9.1 CONCENTRATION LIMITS FOR NONIMAGING TERMINAL CONCENTRATORS IN Central RECEIVER APPLICATIONS
In this chapter, a preliminary analysis that carries out various performance trade-offs involved in the design of a two-stage central receiver plant that could achieve ultrahigh concentrations with a nonimaging CPC type secondary is presented. It should be noted that the study was carried out in the context of using a solar central receiver plant to generate hydrogen from the direct thermochemical splitting of water. However, the analysis is independent of that context and applies to any and all central receiver (or the so-called power-tower) configurations. This analysis shows that such a two-stage central receiver plant can achieve geometric concentrations approaching the maximum theoretical limits and provides a methodology for evaluating various geometrically dependent performance trade-offs. The concept of using a secondary (terminal) concentrator in central receiver systems has been around for some time (Rabl, 1976a; Athavaley, Lipps, and Vanthull, 1979) but has not been seriously investigated until relatively recently (Spirkl, Timinger, Ries, Kribus, and Mus – chaweck, 1998; Kribus, Huleihil, Timinger, and Ben-Mair, 2000; O’Gallagher, and Lewandowski, 2005).
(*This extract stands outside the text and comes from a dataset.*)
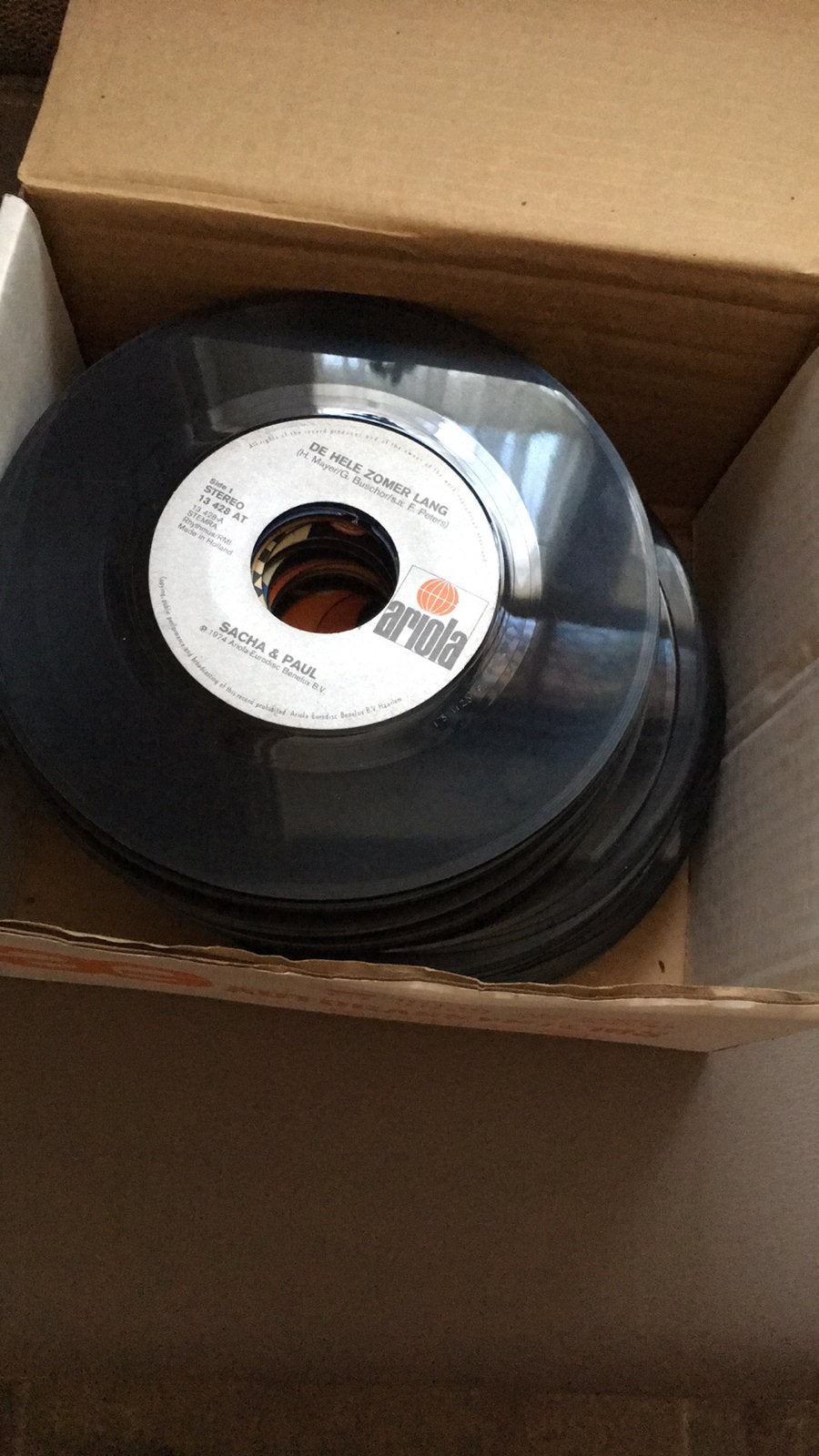 500 oude vinyl singles, Ophalen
The objective is to design a large-capacity (multimegawatt) plant, and it is clear that such a large scale with >1 MW power requirements can only be delivered by some kind of central receiver. We wish to consider the incorporation of a nonimaging secondary into such a configuration. In CPC designs, the geometry known to be optimal is a cylindrical, axially symmetric configuration, which, for a central receiver has a central tower surrounded by a circular area containing heliostats (Athavaley, et al., 1979) such as illustrated schematically in Figure 9.1a.